Suzanne REIFMAN, Personal Representative for the Estate of Bruce Reifman, Deceased, Appellant, v. Robert M. GORSEN, M.D., et al., Appellees.
    Record No. 061230.
    Supreme Court of Virginia.
    April 20, 2007.
    Upon consideration of the record, briefs, and the arguments of counsel, the Court is of opinion that there is no reversible error in the judgment of the Circuit Court of Fairfax County.
    Suzanne Reifman, personal representative for the estate of Bruce Reifman, deceased, brought this action against Robert M. Gorsen, M.D., Kathleen B. French, M.D., Daniel R. Swerdlow, M.D., and Fairfax Radiological Consultants, P.C., to recover damages for medical malpractice. The plaintiff contended that each defendant departed from the applicable standard of care in failing to make a timely diagnosis of hydrocephalus, the immediate cause of the decedent's death. A five-day jury trial resulted in a verdict in favor of all defendants. The circuit court entered final judgment on the verdict and we awarded the plaintiff an appeal.
    There is a single assignment of error: That the circuit court erred in refusing to admit into evidence Exhibit 18A, a medical record transcribed on April 21, 2001 at Inova Alexandria Hospital, consisting of an addendum to a report of a magnetic resonance imaging scan of the decedent's brain made while he was a patient at that hospital (the Alexandria report).
    The day after the Alexandria report was transcribed, the decedent was admitted to Inova Fairfax Hospital, where he expired on April 28, 2001. Dr. Gorsen had been the decedent's attending neurosurgeon since 1999. Personnel at the Alexandria hospital were aware of that relationship and sent a copy of the Alexandria report to Dr. Gorsen's office. Dr. Gorsen, however, was attending a conference in Toronto at the time and did not return to Virginia until April 25, 2001. He made a handwritten notation on his copy of the Alexandria report that he had not received it until May 2, 2001, after the decedent's death.

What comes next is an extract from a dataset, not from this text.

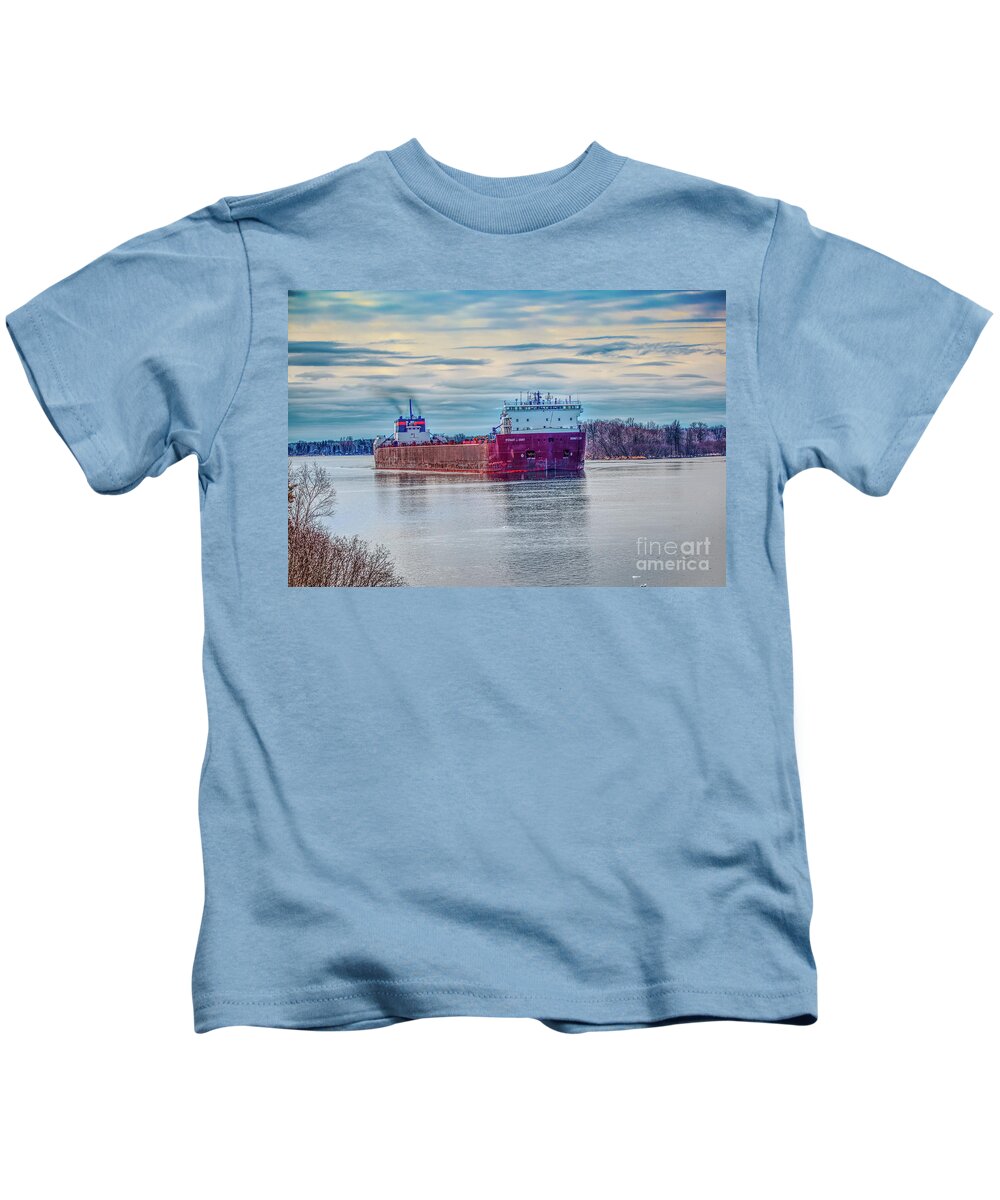 Ship Stewart J. Cort Kids T-Shirt featuring the photograph Ship Stewart J. Cort I Love Sault Ste. Marie, Michigan -1342 by Norris Seward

    At trial, the plaintiff offered no evidence to refute Dr. Gorsen's assertion of the time he had received the Alexandria report and there was no evidence that any of the other defendants had ever seen it before the death of the decedent. The court marked the report Exhibit 18A for identification and gave plaintiff's counsel an opportunity to lay a foundation for its admission.

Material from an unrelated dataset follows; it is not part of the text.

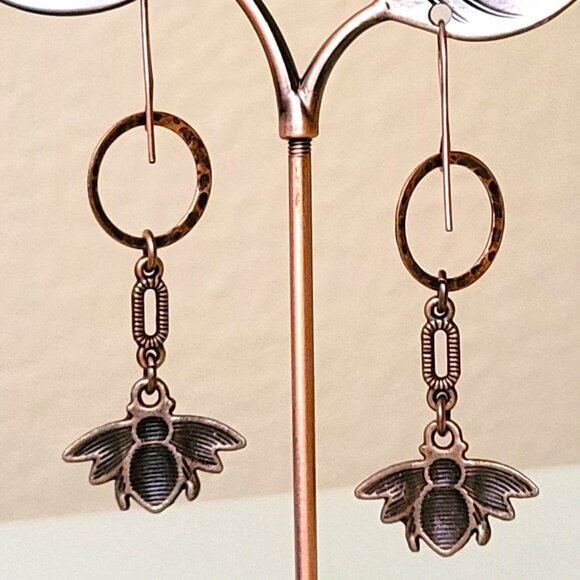 HONEY BEE Copper Charm Earrings Brass Hook Ear wires Bumble Bee, Insect - Picture 2 of 10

    Plaintiff's counsel cross-examined Dr. Gorsen concerning the content of the report as well as the time of its receipt, in an effort to lay a foundation for its admission. Plaintiff's counsel was permitted to refer to it again in his closing argument to the jury, contending that it showed that Dr. Gorsen had timely notice of the decedent's condition. Nevertheless, plaintiff's counsel never moved the court to admit Exhibit 18A in evidence until after the evidence was closed, the parties had rested, an alternate juror had been excused, the court had instructed the jury, and the jury had retired to consider its verdict. When counsel then, for the first time, moved for the exhibit's admission, the court denied the motion, observing that if the exhibit were to be admitted, a limiting instruction would be necessary and it was too late to reopen the trial for that purpose.
    Even if the exhibit might properly have been admitted into evidence, the trial court was given no timely opportunity to do so. A motion to admit evidence after the evidence has been closed comes too late. The court might, in its discretion, have permitted the reopening of the trial for that purpose, see Mundy v. Commonwealth, 161 Va. 1049, 1064, 171 S.E. 691, 696 (1933); Bishop v. Webster, 154 Va. 771, 778, 153 S.E. 832, 834 (1930), but did not abuse its discretion in refusing to do so, particularly in light of the plaintiff's abundant opportunity to make a timely motion for admission of the exhibit during the five days of trial. See Moore v. Dixie Fire Ins. Co., 19 Ga.App. 800, 806-07, 92 S.E. 302, 305 (1917). Accordingly, the Court affirms the judgment of the circuit court. The appellant shall pay to the appellees thirty dollars damages.
    This order shall be published in the Virginia Reports and shall be certified to the said circuit court.
    
      
      The parties do not dispute that for purposes of the present case hydrocephalus refers to the accumulation of cerebral spinal fluid in the ventricles of the brain, leading to their enlargement and swelling.